**Task directions:** Repeat the full listing, word for word.

**Data below:**
☆ ☆ ☆ ☆ ☆ ☆ ☆
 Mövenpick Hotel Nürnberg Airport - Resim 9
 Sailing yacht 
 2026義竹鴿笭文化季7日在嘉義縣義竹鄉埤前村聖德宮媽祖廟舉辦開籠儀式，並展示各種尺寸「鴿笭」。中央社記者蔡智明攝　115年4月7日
☆ ☆ ☆ ☆ ☆ ☆ ☆
**Response:**
 Mövenpick Hotel Nürnberg Airport - Resim 9
 Sailing yacht 
 2026義竹鴿笭文化季7日在嘉義縣義竹鄉埤前村聖德宮媽祖廟舉辦開籠儀式，並展示各種尺寸「鴿笭」。中央社記者蔡智明攝　115年4月7日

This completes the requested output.